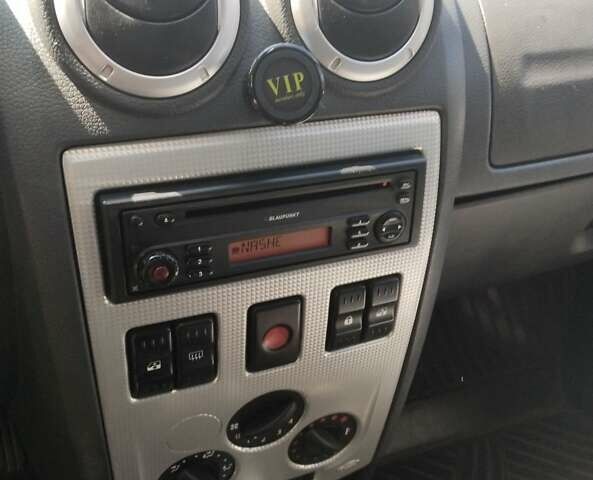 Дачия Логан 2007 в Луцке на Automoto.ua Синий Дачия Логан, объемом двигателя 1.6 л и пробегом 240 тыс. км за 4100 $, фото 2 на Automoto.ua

********

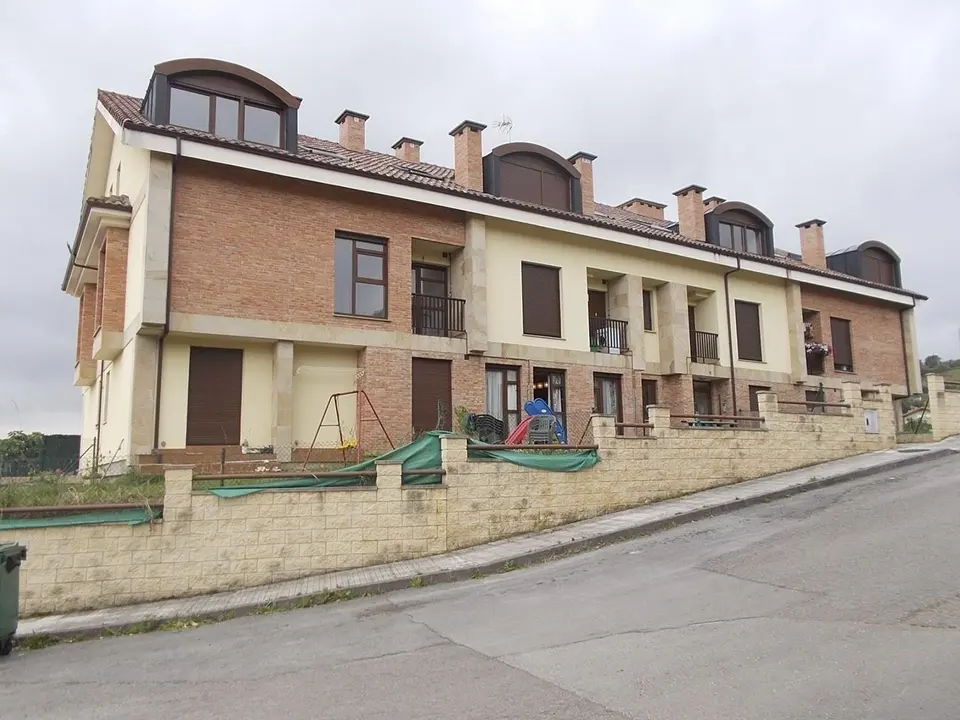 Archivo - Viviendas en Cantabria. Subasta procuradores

********

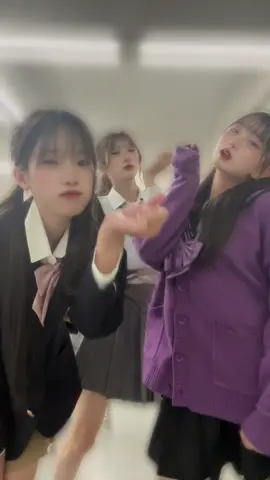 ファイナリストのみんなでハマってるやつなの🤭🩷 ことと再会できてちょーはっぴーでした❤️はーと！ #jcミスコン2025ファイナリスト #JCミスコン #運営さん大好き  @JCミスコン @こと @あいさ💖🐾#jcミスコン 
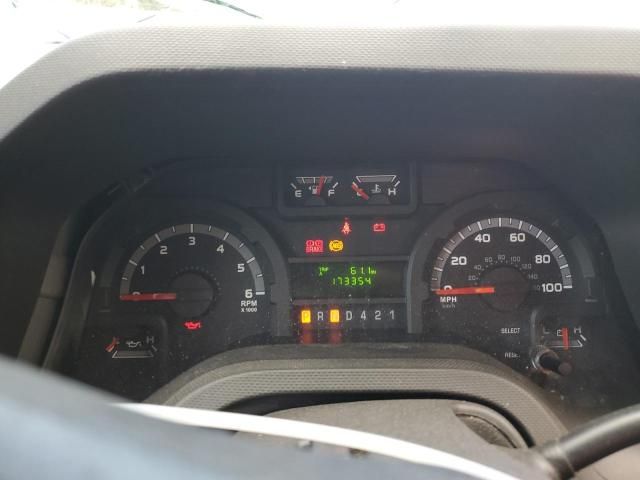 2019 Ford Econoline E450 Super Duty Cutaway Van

********

» **What you have to do**:
Within the data above, repeat exactly the lines from the one bearing "ことと再会できてちょーはっぴーでした❤️はーと！ #jcミスコン2025ファイナリスト #JCミスコン" through the one bearing "2019 Ford Econoline". Include no pictures and nothing else.

» **Completed task**:
 ファイナリストのみんなでハマってるやつなの🤭🩷 ことと再会できてちょーはっぴーでした❤️はーと！ #jcミスコン2025ファイナリスト #JCミスコン #運営さん大好き  @JCミスコン @こと @あいさ💖🐾#jcミスコン 
 2019 Ford Econoline E450 Super Duty Cutaway Van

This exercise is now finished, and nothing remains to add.